Illustration showing a pancreas with pancreatic cancer highlighted in red.

The protein called studying secreted frizzled-related protein 2 (SFRP2) that has long been known to be involved in tumor growth and angiogenesis in breast cancer and osteosarcoma could be a new pancreatic cancer treatment target. New findings, from the Medical University of South Carolina (MUSC) Hollings Cancer Center shows that SFRP2 is especially abundant in pancreatic cancer, and the more abundant it is, the worse the likely patient outcomes.

The research published in the journal Cancer Biomarkers, was led by MUSC researcher Nancy Klauber-DeMore, MD, who first began studying the role of SFRP2 as a breast cancer surgeon more than 15 years ago, and later expanded her inquiry of the protein’s role in cancer development to osteosarcoma. These new findings in pancreatic cancer indicate that so much SFRP2 is concentrated in the tumor itself and not in the surrounding tissue, that it is fertile target for future therapy development.

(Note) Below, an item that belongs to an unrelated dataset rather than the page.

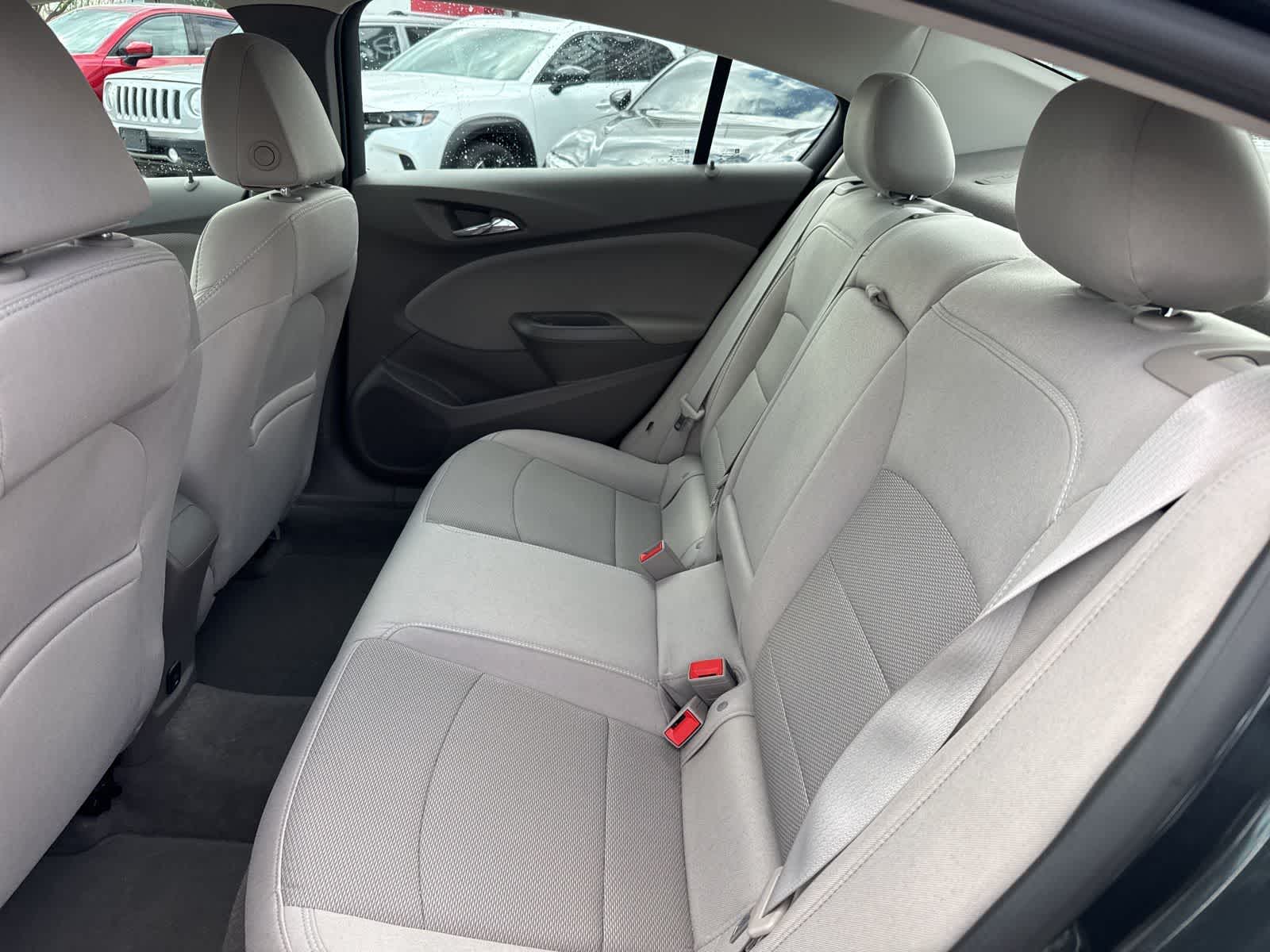 Thumbnail: 2017 Chevrolet Cruze - 17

“Our next steps will be to see if by blocking SFRP2, we could affect the tumor,” Klauber-DeMore says. “We could potentially affect tumor fibrosis. We could affect angiogenesis. We could kill the tumor cells themselves, and we could also affect the immune system as immunotherapy. So, for those reasons, we have described SFRP2 as a potential biomarker and a potential therapeutic target for pancreatic cancer.”

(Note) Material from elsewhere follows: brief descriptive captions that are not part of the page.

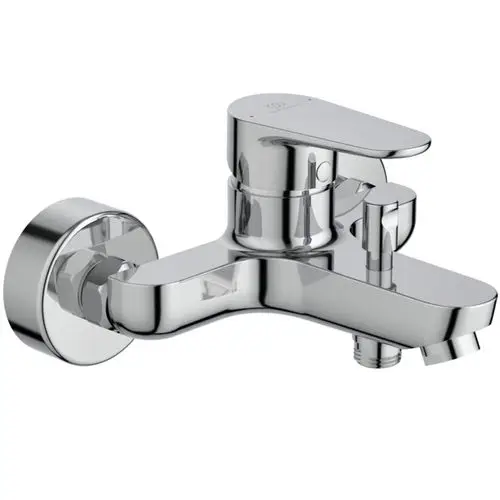 Chromene Badearmatur von Ideal Standard mit einem Hebel zur Wasserregulierung. Die Armatur ist für die Wandmontage vorgesehen.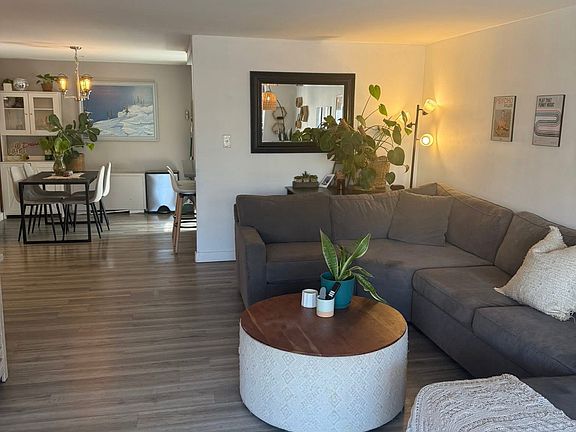 3rd image of 1155 Ash St APT 201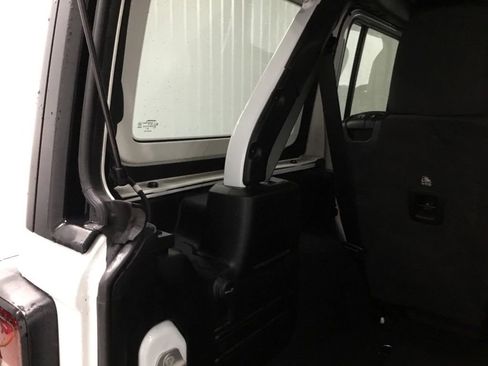 Used 2023 Jeep Wrangler Sport image 17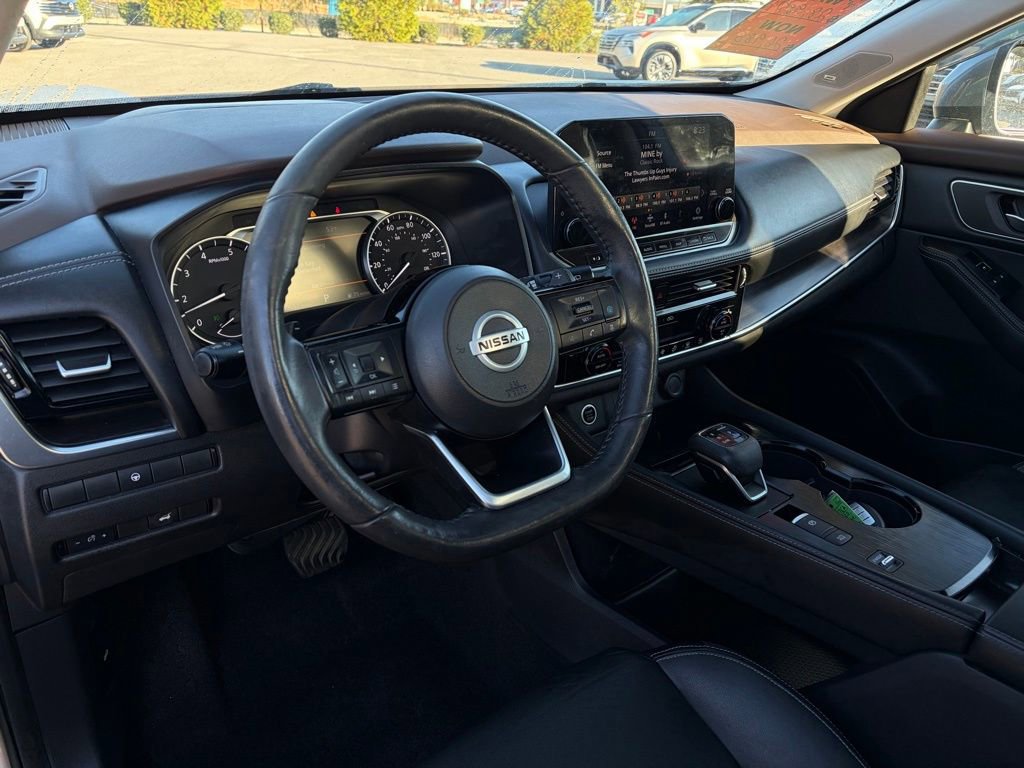 Certified 2021 Nissan Rogue SL w/ Premium Package image 14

Pancreatic cancer is the third most common cause of cancer death and may become the second most common cause of cancer death by the year 2030. One reason, the cancer it so lethal is that by the time it is diagnosed it has most often spread beyond the pancreas. Pancreatic tumors also grow a thick stroma of associated tissue that both inhibits the infiltrations of chemotherapy to kill the tumor, while also interacting with the tumor to promote its growth.

Prior attempts to treat the cancer have had mixed results indicating that more complete knowledge of all the elements affecting the growth of pancreatic cancer, and how the different element of tumor microenvironment communicate with each other to drive the disease are needed. Because SFRP2 aids in stroma production and preventing immune cells from recognizing and attacking the tumor, targeting SFRP2 could potentially have multiple effects on the tumor microenvironment.

Klauber-DeMore noted that her focus on the role of SFRP2 shifted to pancreatic cancer after querying the Cancer Genome Atlas looking for more information about the tumor growth protein.

“You can look at expression of a gene in all different types of human cancer, and when we put SFRP2 in, the cancer that had the highest expression was pancreatic cancer,” she said. “And so that’s the reason that we started looking to see if SFRP2 was a target in pancreatic cancer.”

She then saw that patients with high levels of SFRP2 had lower odds of survival. Her lab subsequently investigated how SFRP2 relates to KRAS, a gene that’s heavily involved in pancreatic cancer when it mutates.

“When we silenced KRAS, it greatly reduced the expression of SFRP2. So what this is saying is that KRAS, which is known to be one of the main drivers of pancreatic cancer, drives the expression of SFRP2,” Klauber-DeMore said.

Klauber-DeMore previously developed a humanized monoclonal antibody to SFRP2 that received rare pediatric disease designation from the U.S. Food and Drug Administration for osteosarcoma.